HIGHLAND PARK, Mich. – Shu Harris is motivated to turning her community around, especially for the children.
She is the CEO of Avalon Village in Highland Park, a nonprofit organization that is buying up lots and transforming them into a park, garden, and homework house.
This summer, Harris provided a four-week music camp for children for free. The Sun Boy Record Music Camp taught children how to play different instruments, how to be a DJ, dance and much more. The camp ended with a recital day for parents to see what the children had been doing.
"It gives them a chance to participate in making their own music," Harris said.
Harris was inspired to create the Avalon Village in honor of her 2-year-old son, Jakobi Ra, who was killed by a hit-and-run driver in 2007. The music camp is part of it.
"He was 2 years old, on the turntables," Harris said. "I knew then that his energy was that of an entertainer and I wanted to make sure that we do something for the children in the music way."
Michael Monford, the camp director, said music has elements of science and math in it, and teaches discipline and structure.
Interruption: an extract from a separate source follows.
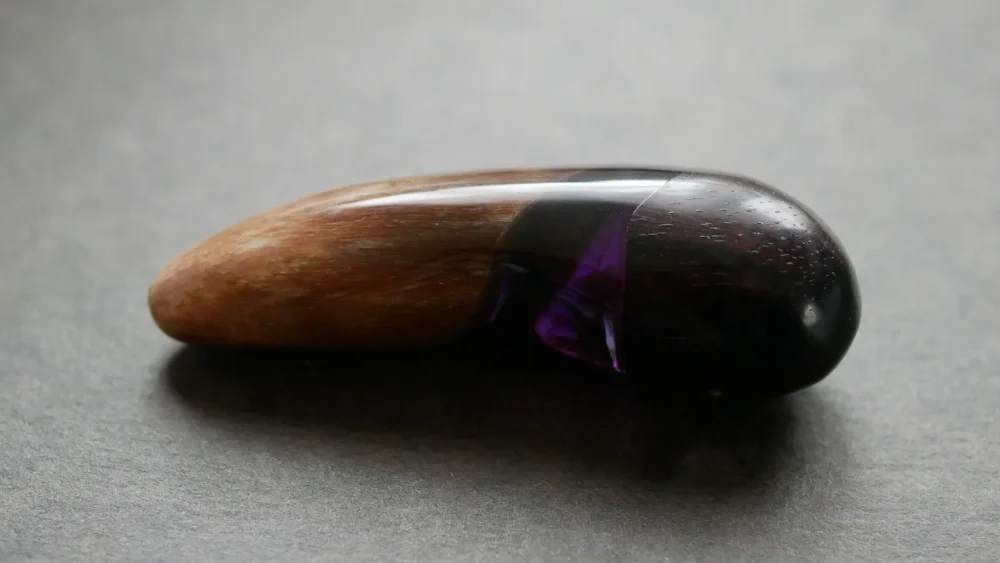 水牛の黒角と黒檀を使ったウッドレジンネックレス|玄護(げんご)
He said habits learned from studying music can be applied to other areas of a person's life.
"You see them light up because, at first, when they're trying to learn an instrument, you see a little bit of frustration and if they aren't getting it at first... But as soon as they get that first note, you see their confidence go through the roof," Monford said.
Harris says the camp is the community's way of stepping up and doing what's right for the children.
"It helps them to stay happy. A lot of these children, they are happy when they come to music camp or when they're playing instruments so that is part of helping to build their self-esteem and helping them to be balanced and wholesome," Harris said.
Harris hopes to hold this camp every summer.